Now consider permutations of the rolls that move the low roll but preserve the order of the other two rolls. There are three such permutations. This means each of the $(6 - n)^2$ pairs counted in the previous paragraph occurs $3$ times within the $216$ equally-likely sequences of three rolls. So take the distribution you computed in the previous paragraph and multiply all frequencies of sums by $3$.

The second case is where the lowest rolled number occurred exactly twice: two rolls are the same and the other roll is higher. That is, you did not get the same number three times, but you did not get the first case either.

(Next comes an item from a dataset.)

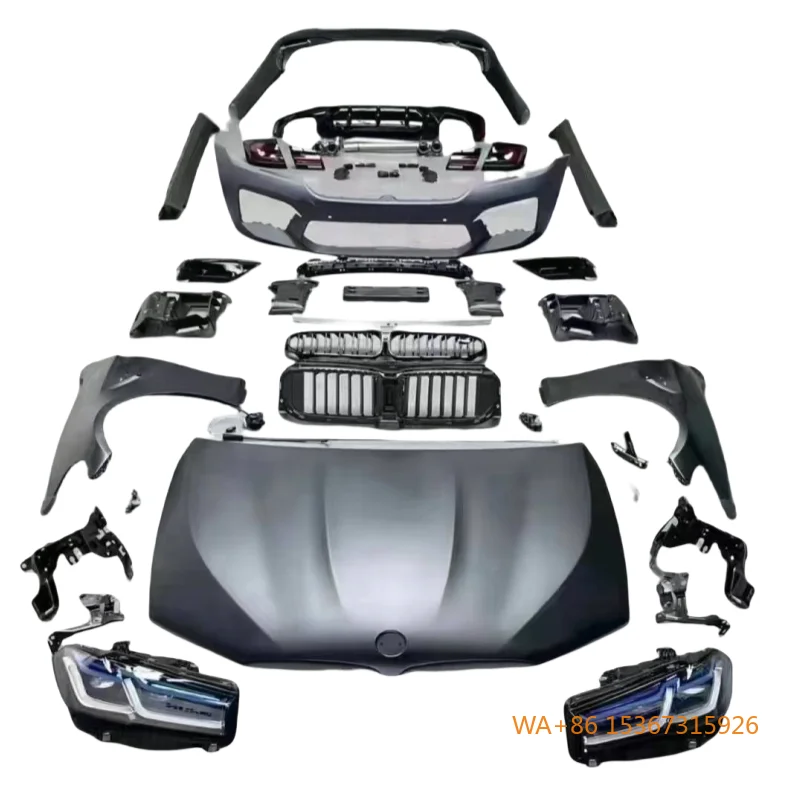 

Used for 520 525 530 M5F90 Models For 5 Series F10 F18 2011-2017 Front Bumper Hood ABS Material with Fog Light Cut-Outs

Again there are five sub-cases. This time, if the lowest roll is $n$, there are only $6 - n$ possibilities for the high roll, each of which gives you a different sum. However, you have three permutations to count, depending on whether the high roll was the first, second, or third roll. So for each sub-case you have a uniform distribution across $6 - n$ sums with frequency $3$ for each sum.

Finally you have the case where all three rolls are the same. This produces each of the sums $2, 4, 6, 8, 10, 12$ exactly once each.

Altogether you have to compute $46$ frequencies under this method: $25$ for the first case, $15$ for the second case, and $6$ for the third case. Having written the frequencies in columns labeled $2$ to $12$ according to the resulting sums, add up the numbers in each column. This will give you the relative frequency of each sum over all cases. These relative frequencies must add up to $216$.

This is tedious enough that I would rather do it by spreadsheet than by hand. But it's far less tedious than listing $216$ separate cases, and I think less error-prone than a lot of other methods.